De charmante Nel Swerts stamt uit een muzikale familie. Op 5-jarige leeftijd begon ze piano te studeren. Later volgde zang. Ze maakte er haar beroep van. Haar leven ademt muziek.
Nog niet zo lang geleden zette ze haar schouders onder een nieuw maatschappelijk project dat vanuit Studio 100 en medeaandeelhouder Soudal vorm kreeg. Beiden sloegen de handen in elkaar om dit project in het opvangcentrum van Fedasil in Kapellen te steunen. Het kreeg de naam ON-TRACK. Het is zeker niet gemakkelijk om gewoon kind te zijn als je vluchteling bent en in een opvangcentrum woont. Het opvangcentrum had reeds een jongerenwerking ‘De Vos’ waar allerlei activiteiten voorzien worden voor kinderen, maar iets specifiek met muziek was er nog niet. Met dit project dient er niet alleen muziekonderricht gegeven te worden. Er moet ook begrip zijn voor de trauma’s en beproevingen van deze onfortuinlijke kinderen. Ze hebben extra tijd en aandacht nodig. Samen zingen creëert een gevoel van samenhorigheid en versterkt het zelfvertrouwen. Nel Swerts is de artistieke coach en vertelt een en al empathie en enthousiasme over haar koortje.
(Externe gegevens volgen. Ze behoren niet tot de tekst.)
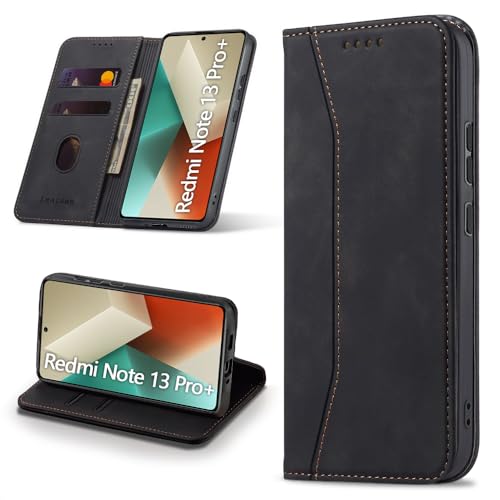 Leaisan Handyhülle für Xiaomi Redmi Note 13 Pro Plus 5G Hülle Premium Leder Flip Klappbare Stoßfeste Magnetische [Standfunktion] [Kartenfächern] Schutzhülle Tasche - Schwarz von Leaisan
-U genoot een klassieke opleiding?
Ja, ik heb piano gestudeerd aan het conservatorium van Antwerpen.
-Hoe is men bij u terechtgekomen?
Hans Bourlon is bij mijn ouders een vriend des huizes. Hij begeleidde al een Somalische vluchteling en opperde het idee om in een opvangcentrum een koortje op te starten met minderjarigen. Dat sprak mij ook aan. Een idee concreet vorm laten krijgen vergt tijd en inzet. We hebben daar heel wat over gebrainstormd. Uiteindelijk zijn we naar het opvangcentrum van Fedasil in Kapellen gestapt en daar had men er wel oren naar.
-De kinderen kennen amper onze taal, hebben geen notie van muziek. Hoe pakt u dat aan?
Je begint er met veel enthousiasme aan, maar we hebben heel wat moeten bijsturen. Een jongenskoor was ons eerste idee maar van meet af aan was het een gemengd koortje. In de beginfase moet je hun vertrouwen winnen. Ze beheersen onze taal ook nog niet zo goed en iets overbrengen of duidelijk maken gaat langzaam. Je staat toch ook wel versteld hoe snel ze woorden oppikken en zich onze taal eigen maken.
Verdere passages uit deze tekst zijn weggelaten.